I use printer with a USB personally. No issues with that but I got an HP printer that is really weird with the network stuff

[–] signofzeta@lemmygrad.ml 1 points 19 hours ago

Are you old enough to remember Winmodems and NDISWrapper? There used to be some hardware that was so cheap that the Windows driver needed to do some of the basic work. They were never compatible with anything but Windows (and maybe 98 or XP at that). I’m sure there were some printers like that.
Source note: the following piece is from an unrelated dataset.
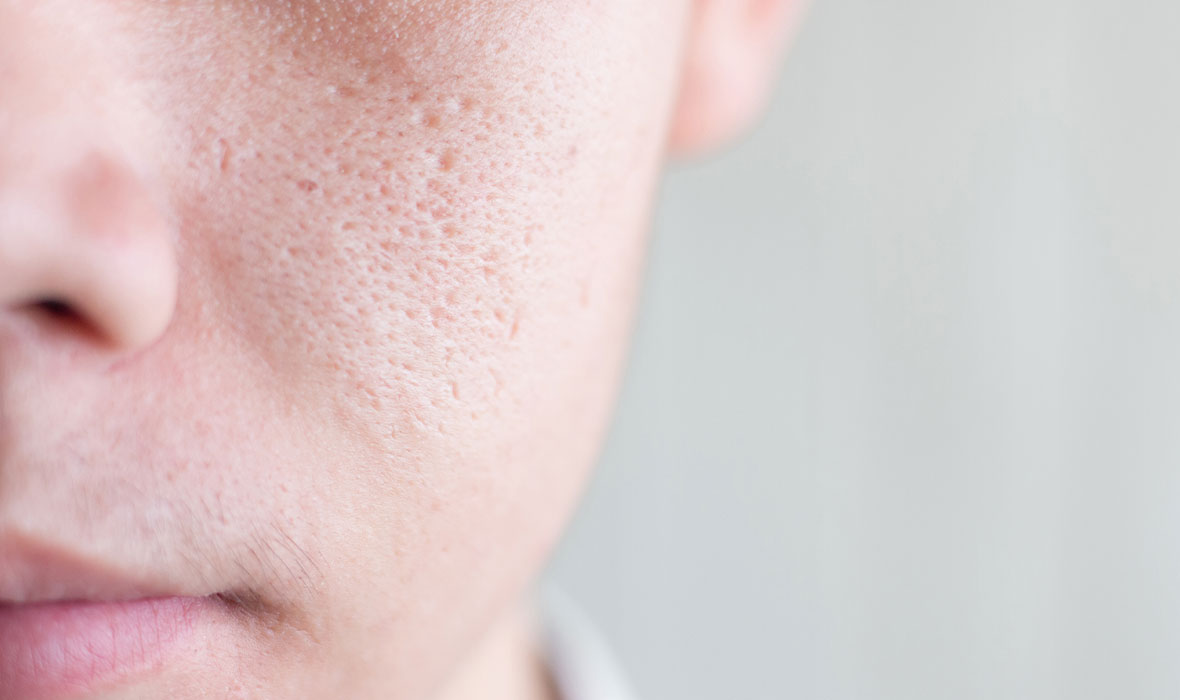 Proven Ways to Make Rough Skin Feel Smooth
Combined with poor driver support early on, and a lack of standards (at least on the consumer end), and the need to have a separate PPD file for every make and model of printer, and printing used to be a mess. (It almost got bad again when Microsoft tried pushing their XPS format as a replacement for PostScript, PCL, PDF, and EPS, but that didn’t catch on.)

Apple buying CUPS (and hiring its lead developer) was great for the community. They got it working all but perfectly. I’ve never had a problem printing on Linux; HP, Brother, or otherwise.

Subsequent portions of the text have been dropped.